Vedute di Napoli - opera 29
Vedute di Napoli - opera 29
La cesura sopraggiunge attorno al 1980, generata da una cocente disillusione. "Capii che mi ero illuso di poter contribuire a cambiare qualcosa con la mia fotografia", ammetterà. "Per un anno non fotografai più". Questa crisi gli restituisce la città come deserta, angosciante, ostile. La risposta è una scelta radicale, irreversibile: "avevo cancellato la presenza dell'uomo". Da questa lacerazione nasce Vedute di Napoli (1980), spartiacque nel suo linguaggio e nella fotografia internazionale. L'assenza umana si fa presenza densa, gravida di senso. Sottraendo il rumore contingente, Jodice permette alla città di pronunciare finalmente il proprio monologo profondo. Architetture mute, piazze e strade deserte si caricano dello spessore della storia, del mito, della memoria stratificata nei millenni. La sua Napoli diventa un paesaggio interiore, teatro metafisico dove il tempo non scorre ma si sospende, dove l'assenza rivela più della presenza, dove il silenzio parla più forte di qualsiasi voce.

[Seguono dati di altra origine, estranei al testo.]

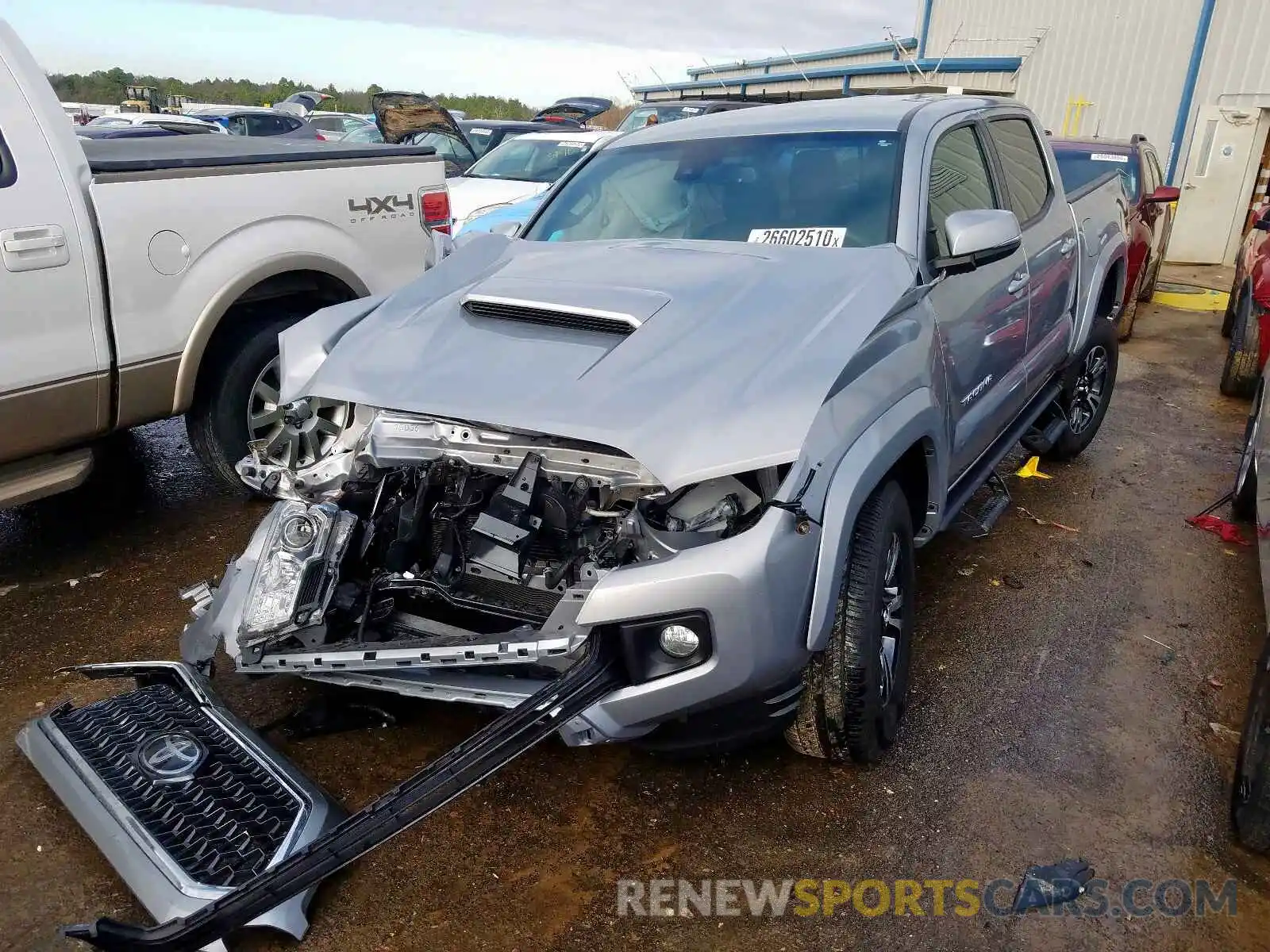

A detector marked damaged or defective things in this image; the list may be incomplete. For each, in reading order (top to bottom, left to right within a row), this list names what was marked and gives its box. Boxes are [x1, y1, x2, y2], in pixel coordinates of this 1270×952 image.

detached grille [464, 297, 640, 337]
broken plastic debris [1016, 459, 1056, 479]
detached headlight [241, 500, 358, 642]
detached grille [53, 685, 301, 889]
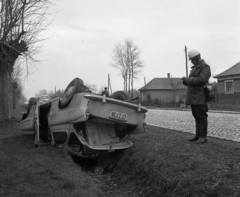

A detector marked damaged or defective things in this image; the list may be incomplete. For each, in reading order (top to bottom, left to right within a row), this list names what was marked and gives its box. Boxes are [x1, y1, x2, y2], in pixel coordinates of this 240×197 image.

overturned car [20, 77, 147, 173]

In questo passaggio dal sociale al metafisico si compie un paradosso: cancellando l'uomo, Jodice ne restituisce l'essenza. Le sue Napoli spopolate non sono vuote, ma stracolme di tutto ciò che l'uomo vi ha depositato attraverso i secoli: gesti, credenze, fatiche, sogni. Nella sottrazione si realizza un'addizione vertiginosa. Rimuovendo l'epidermide rumorosa del presente, l'artista fa riemergere il segnale antico, quell'anima che si rivela solo quando la città tace. È una forma di antropologia che si inverte: non più l'uomo che abita gli spazi, ma gli spazi che conservano l'impronta indelebile di chi li ha attraversati.

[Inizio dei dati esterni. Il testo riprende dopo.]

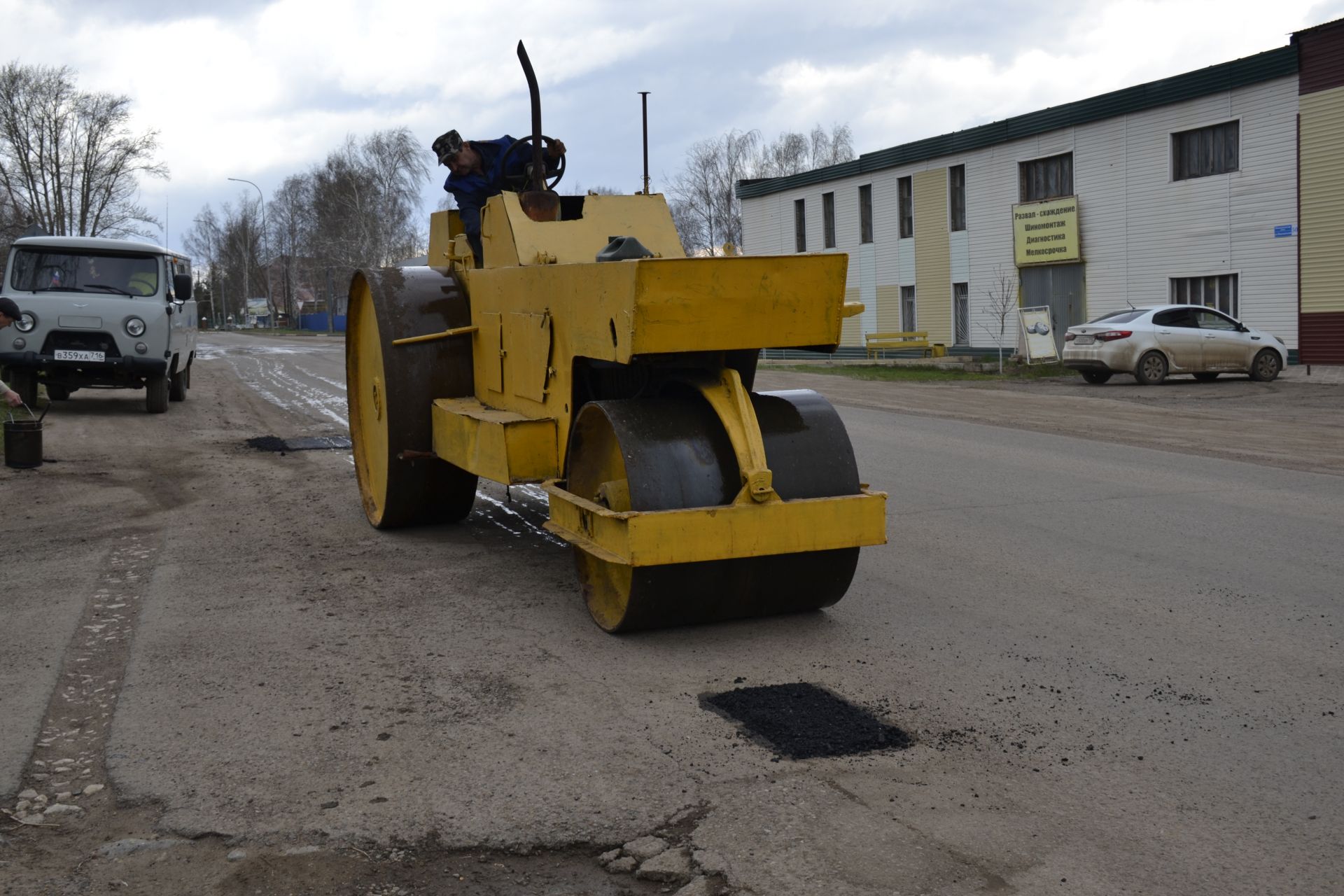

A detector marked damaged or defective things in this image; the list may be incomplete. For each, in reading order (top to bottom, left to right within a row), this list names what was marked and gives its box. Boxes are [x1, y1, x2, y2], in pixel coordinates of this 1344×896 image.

La città invisibile - Mimmo Jodice
La città invisibile 
Questa metamorfosi dello sguardo trova compimento in La città invisibile (1990), curata da Germano Celant, dove periferie anonime e capannoni dismessi si trasfigurano in paesaggi metafisici. Jodice raggiunge qui la piena padronanza di quella che egli stesso definiva l'alchimia della camera oscura: luogo di creazione, non di riproduzione. Stampatore virtuoso, considerava il bianco e nero analogico non un limite tecnico ma una scelta poetica, finalizzata a trasfigurare il reale privilegiando il messaggio. La luce diventa soggetto autonomo: "La luce è tutto. È il respiro della fotografia", affermava. Questo chiaroscuro mentale scolpisce atmosfere sospese, conferendo alle architetture quella qualità di mistero e atemporalità che ne costituisce il suo tratto distintivo.

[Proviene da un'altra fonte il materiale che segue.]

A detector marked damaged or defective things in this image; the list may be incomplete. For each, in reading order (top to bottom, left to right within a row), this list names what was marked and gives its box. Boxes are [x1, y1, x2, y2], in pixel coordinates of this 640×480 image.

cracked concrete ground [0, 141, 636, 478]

Napoli-La-Citta-invisibile-Piazza-del-Plebiscito-1990.-©-Mimmo-Jodice
Napoli-La-Citta-invisibile-Piazza-del-Plebiscito-1990.-©-Mimmo-Jodice

Il cerchio si chiude con Napoli Metafisica (2025), allestita al Maschio Angioino: summa di un dialogo sessantennale, concepita come testamento visivo. Il confronto con Giorgio de Chirico non è accostamento didascalico ma riconoscimento di un'affinità elettiva: entrambi hanno popolato i loro vuoti di presenze immateriali, entrambi hanno fatto del silenzio un linguaggio. Curata da Vincenzo Trione, la mostra articola la ricerca di Jodice attraverso archetipi metafisici—"Lontananze", "Archi", "Colonne", "Ombre"—rivelando la coerenza di un'indagine che ha reso i luoghi ignoti a sé stessi, muovendo dal visibile verso l'invisibile, che sta dietro le apparenze.

Napoli Metafisica (2025)
Napoli Metafisica (2025)
Che lo stesso castello abbia accolto poi la sua camera ardente nella Sala dei Baroni conferisce a questa coincidenza una valenza simbolica struggente: l'uomo che ha distillato l'essenza monumentale di Napoli viene restituito al suo cuore più antico, suggellando la fusione definitiva tra l'artista, l'opera e la città.

L'eredità di Jodice trascende il catalogo: egli ha rifondato l'identità visiva di Napoli, sostituendo gli stereotipi chiassosi con una visione contemplativa e universale. Ha dimostrato che la vera anima della città non risiede nel suo frastuono, ma nel silenzio che custodisce i millenni. La sua fotografia non documenta: pensa. Non registra: rivela. È archeologia dell'anima, strumento di tempo interiore.

Resta la Napoli metafisica che ha costruito, città dell'anima fatta di luce, ombra e attesa. Attraverso il suo sguardo, le pietre hanno imparato a parlare, e il loro linguaggio silenzioso è il dono che ci consegna. Come scriveva Paul Éluard in versi che sembrano pensati per lui: "Esiste un altro mondo, ma è in questo". Jodice ci ha insegnato a vederlo.